WHAT YOU NEED TO DO:
Copy out only the lines running from the one that contains "Wonder Woman Sensacional" through the end of the listing. Pictures stay out.

PROVIDED DATA:
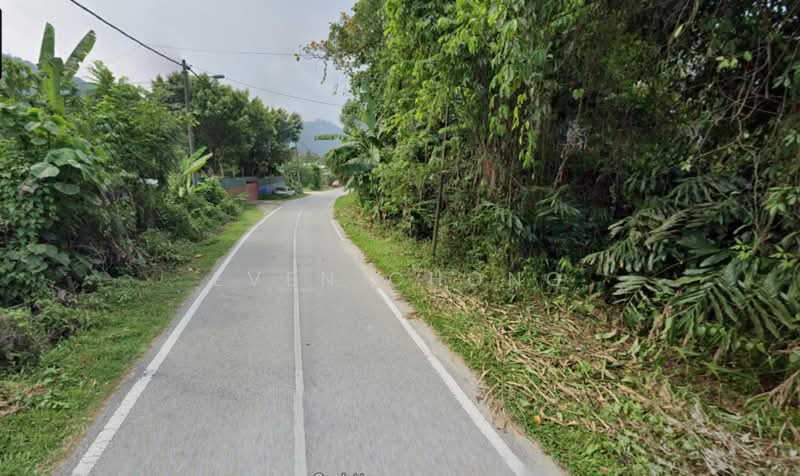 Untuk Disewa - Kampung Sungai Tekali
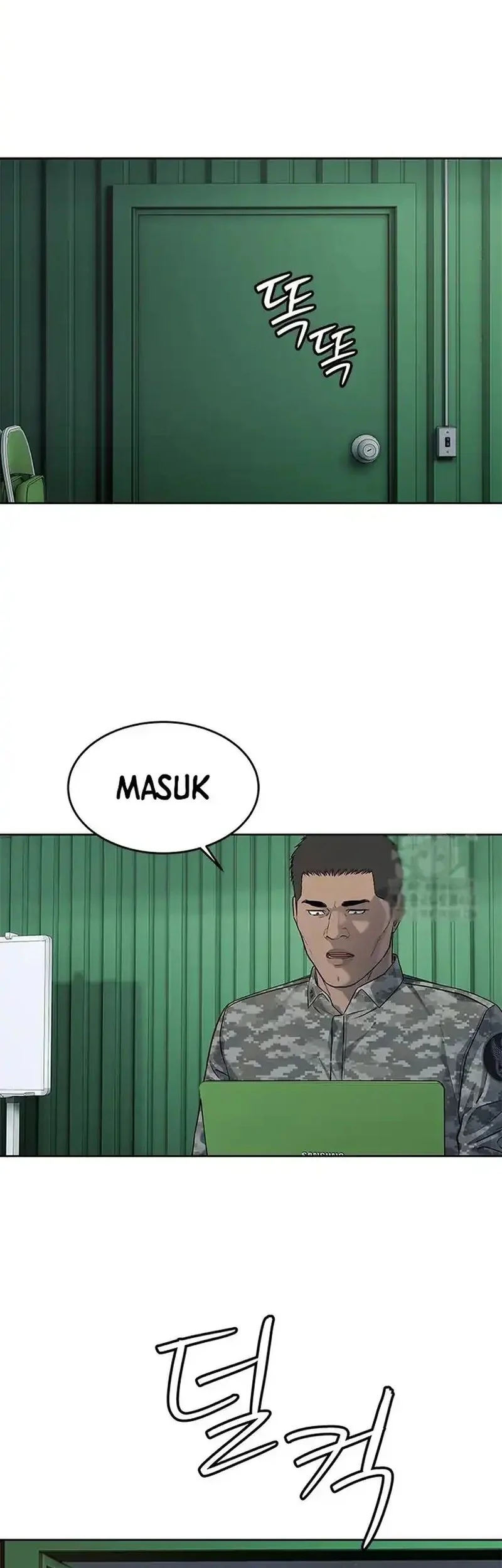 God of Blackfield Chapter 263 Gambar 31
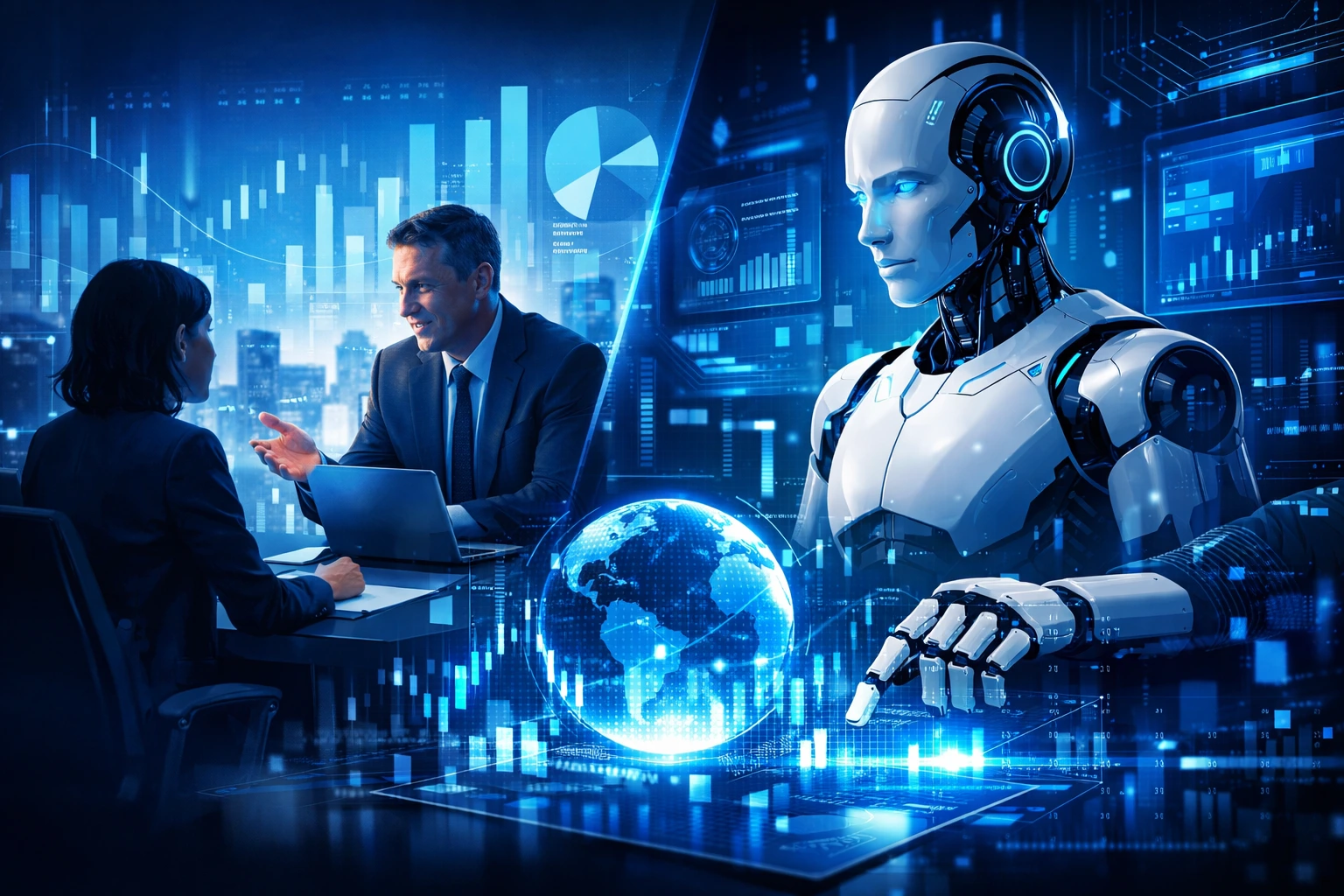 AI-Driven Fin Tech  From Advisors to Algorithms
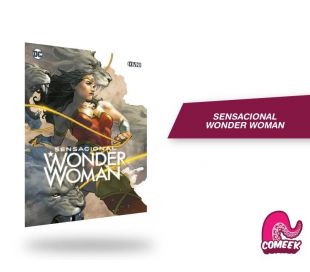 Wonder Woman Sensacional 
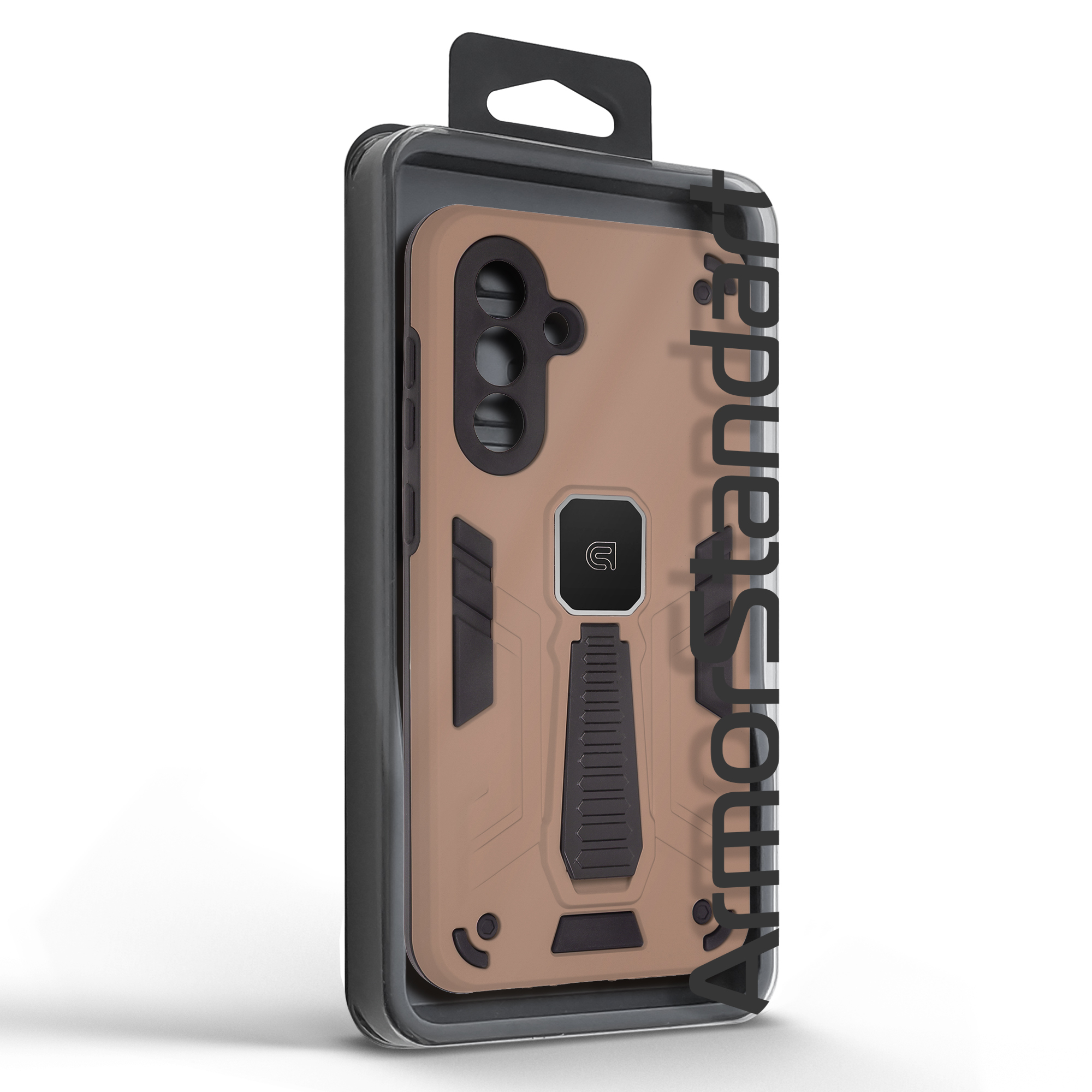 Чехол ArmorStandart Proover для Samsung A37 5G Brown (ARM89729) фото
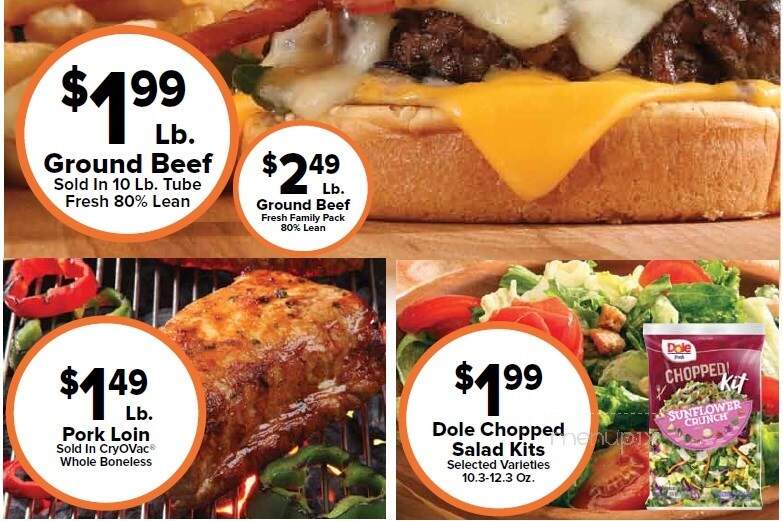Rod's Food & Deli - Concordia, KS menu_pic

RESULT OF THE EXERCISE:
 Wonder Woman Sensacional 
 Чехол ArmorStandart Proover для Samsung A37 5G Brown (ARM89729) фото
Rod's Food & Deli - Concordia, KS menu_pic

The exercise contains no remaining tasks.